É provável que, sem CLT, os mais de 16 mil sindicatos no Brasil sofressem cortes drásticos. Para se tornarem mais articulados e interferirem de fato no bolso dos patrões, trabalhadores se reuniriam em grupos com interesses mais amplos. O Sindicato dos Classificadores de Produtos de Origem Vegetal, por exemplo, teria de se aproximar do Sindicato de Agricultores.

Assim, seria mais fácil criar uma espécie de “tabela” para os serviços em cada região.
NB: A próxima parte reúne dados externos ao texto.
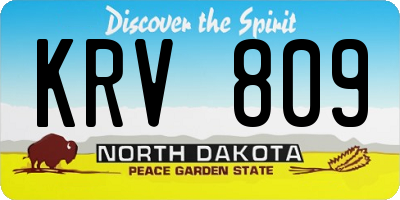 ND license plate KRV809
Tudo para garantir que tomates-cereja não passassem por tomate holandês, e flutuações de preço fossem proporcionais. As pessoas, dessa forma, saberiam melhor quanto cobrar.

Seja como for, o fato é que a rotatividade de funcionários seria bem maior, em qualquer área. No Brasil, de cada cem vínculos ativos em 2014 em áreas que costumam contratar pessoas com carteira assinada, 40 foram encerrados até o final de um ano. Em áreas dominadas por serviços terceirizados, foram 80 rompimentos para cem vínculos. Natural: a multa de 40% sobre o FGTS, um item pétreo da CLT, desestimula a demissão de maus funcionários. Sem multa, as trocas acontecem quando precisam acontecer. Ai de quem pisar no tomate.